I’m hoping the “Panama Papers” issue will quickly fade from the news (as happened after a similar data theft from BVI in 2013) for the simple reason that even left-leaning reporters will get bored when they discover it is mostly a story about internationally active investors legally using structures designed for cross-border investment.
Yes, statists have a broader agenda of trying to make tax avoidance somehow shameful and illegitimate. But I doubt they’ll make much progress since no rational person (not even Bono or Donald Trump) voluntarily pays more to the government than is legally required.
Instead, I’m hoping that advocates of economic liberty can use this non-controversy controversy to our advantage by explaining that good tax policy is the best way to encourage both growth and compliance.
I often explain, for instance, that the best way to “hurt” tax havens is for onshore countries to have lower tax rates and less double taxation.
But is it really possible to have a simple tax system that accomplishes all these things? Some folks say no. They argue that there are competing goals in tax policy and that lawmakers are in the unenviable position of having to choose among goals that are mutually inconsistent.
Indeed, a writer for The Economist has a column that purports to show the existence of a “trilemma.”
…the trilemma, under which three options are available, but only two at most can be selected. In this case, it is a simple tax system; independent national tax policies; and the existence of multinational companies and investors.
Here’s my amateur depiction of this supposed trilemma, which ostensibly allows only two out of the three goals to be achieved.
And why does the author think these three things can’t simultaneously exist?
…simple tax systems are the best; they do not distort behaviour. But countries also like to set their own tax policies… The existence of national tax policies also allows economies like Ireland to offer themselves as an attractive place to do business… But that freedom also means that multinational companies and investors can arrange their affairs so as to minimise their tax charge. Governments react to that possibility with a series of carrots and sticks; tax breaks to persuade companies to stay and regulations designed to close loopholes that multinationals try to exploit… This makes the tax system more complex.
This may sound superficially persuasive, but it’s wrong.
And it’s not just wrong in theory. There are real-world examples that show that the trilemma is false.
- Hong Kong has a simple tax system, an independent national tax policy, and lots of multinational companies and investors.
- The Cayman Islands has a simple tax system, an independent national tax policy, and lots of multinational companies and investors.
- Switzerland has a simple tax system, an independent national tax policy, and lots of multinational companies and investors.
- Estonia has a simple tax system, an independent national tax policy, and lots of multinational companies and investors.
For the simple reason that he omitted one word. The trilemma can be switched from false to true by adding “high” before “tax.”
To be fair, perhaps this is what the author actually meant since he writes at one point about the level of taxes needed to finance ever-expanding welfare states.

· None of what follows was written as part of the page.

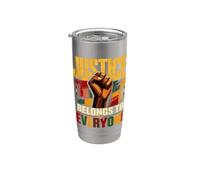 La justicia pertenece a todos Igualdad Libertad Negro Historia Vaso térmico de acero inoxidable de doble pared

…a world of simple taxes, and independent tax policies, would probably undermine the tax base governments need to fund the welfare states
So there actually is a real lesson to be learned and a real trilemma to analyze. If nations have high taxes, they can’t also have simple tax systems that are appealing to companies and investors.
By the way, the author makes a very good point, noting that tax rates would be more punitive if politicians didn’t have to worry that jobs and investment could cross national borders.
…without…tax competition, one suspects the global tax take would creep higher and higher.
Actually, this is not something “one suspects.” It is a 99.9999 percent certainty. Heck, the OECD even admitted at the very beginning of its anti-tax competition project that the goal was to enable high tax rates and large fiscal burdens. Here’s what the (tax-free!) bureaucrats wrote on page 14 of their 1998 report about the impact of “harmful tax competition.”
Since I’ve pointed out that the OECD has an unseemly pattern of dishonest data manipulation, I feel compelled to give them credit for being uncharacteristically truthful in this instance.
P.S. Returning to our original topic, I can’t resist sharing a blurb from this story about New Jersey’s fiscal problems.
The decision by billionaire hedge-fund manager David Tepper to quit New Jersey for tax-friendly Florida could complicate estimates of how much tax money the struggling state will collect, the head of the Legislature’s nonpartisan research branch warned lawmakers. …New Jersey relies on personal income taxes for about 40 percent of its revenue, and less than 1 percent of taxpayers contribute about a third of those collections.
Gee, what a surprise. A state that punishes success over time has less successful people.
But let’s now match this story to our aforementioned tax trilemma. I don’t know if New Jersey’s tax system is simple, but Tepper’s escape means we now have more evidence that high-tax policy is not compatible with attracting and retaining investors.